Rational number solution for an equation Does there exist $v=(a,b,c)\in\mathbb{Q^3}$ with none of $v$'s terms being zero s.t. $  a+b\sqrt[3]2+c\sqrt[3]4=0$ ?
And I was doing undergraduate algebra 2 homework when I encountered it in my head. At first It seemed like it can be proved there can be no such $v$ like how $\sqrt{2}$, or $\sqrt{2}+\sqrt{3}$ are proved to be irrational, but this case wasn't easy like those. Or maybe I was too hasty.
 A: I'll try to show some more elementary approach, not using field theory. Suppose there is such a $v$. We have $c \ne 0$ (as $\sqrt[3]2$ is irrational). Rewriting the equation, we find $\alpha, \beta \in \mathbb Q$ with 
\[ \sqrt[3]4 = \alpha + \beta \sqrt[3]2 \]
and $\alpha, \beta \ne 0$ (as $\sqrt[3]2, \sqrt[3]4 \not\in \mathbb Q$). 
Taking the third power, we get 
\[ 4 = \alpha^3 + 3\alpha^2\beta \sqrt[3]2 + 3\alpha\beta^2\sqrt[3]4 + 2\beta^3 \]
so, as $\alpha\beta^2 \ne 0$, 
\[ \sqrt[3]4 = \frac{4 - \alpha^3 - 3\alpha^2\beta\sqrt[3]2 - 2\beta^3}{3\alpha\beta^2} \]
Which gives 
\[ \alpha + \beta \sqrt[3]2 = \frac{4-\alpha^3 - 2\beta^3}{3\alpha\beta^2} - \frac\alpha\beta \sqrt[3]2 \]
As $\sqrt[3]2$ is irrational, we must have
\[ \alpha = \frac{4-\alpha^3 - 2\beta^3}{3\alpha\beta^2}, \beta = -\frac\alpha\beta \]
So $\beta^2 = -\alpha$, giving
\[ -3\alpha^3 = 3\alpha^2\beta^2 = 4-\alpha^3 - 2\beta^3 \iff 2(\beta^3 - \alpha^3) = 4 \iff \beta^3 - \alpha^3 = 2 \iff \beta^3 + \beta^6 = 2
\]
But $x^6 + x^3 - 2$ has no rational zeros, as $\pm 1, \pm 2$ are the only possibilities. Contradiction.
So, there is no such $v$.
A: Suppose there exists such a v.
Then $a = - b\sqrt[3]2 - c\sqrt[3]4 $
You can try to show that the left hand side is irrational. Which would show there is no such v.

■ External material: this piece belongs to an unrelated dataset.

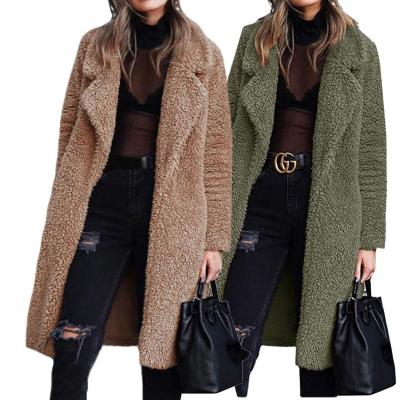 China Anti-wrinkle Faux Fur Teddy Coat Women 2021 Winter Long Soft Plush Overcoat Casual Lambswool Outerwear for sale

If there really is no such v.
A: The question can be rephrased as:

Is the triple  $\ 1,\sqrt[3]2,\sqrt[3]4\ $  linearly independent over $\mathbb Q$?

And the answer is  no (i.e., there is no such $v$).
Denote $\alpha:=\sqrt[3]2$. Then $\alpha^3=2$. The main point is, that the polynomial $x^3-2$ (which defines $\alpha$ as its root) is irreducible over $\mathbb Q$: cannot be written as a proper product of polynomials of degree 1 and 2. (This can be shown directly..)
In other words, the field extension $\mathbb Q(\alpha)$ of $\mathbb Q$, is --as $\alpha$ is the root of the irreducible $x^3-2$-- per definition, is isomorphic to the quotient $K:=\mathbb Q[x]/(x^3-2)$ of polynomial ring $\mathbb Q[x]$. That is, the elements of $K$ are the polynomials, but $x^3-2 = 0$ is assumed (as the only rule) in $K$.
And, similarly as $\mathbb Q[x]$ has $1,x,x^2,x^3,x^3,\ldots$ as basis,  $K$ has $1,x,x^2$ as a (standard) basis over $\mathbb Q$. ($x^3$ and above powers can be rephrased by $1,x,x^2$, using the rule: for example $x^3=2,\ x^4=2x,$ etc.)
The correspondence between $K$ and $\mathbb Q(\alpha)$ is simply given by $x\mapsto\alpha$.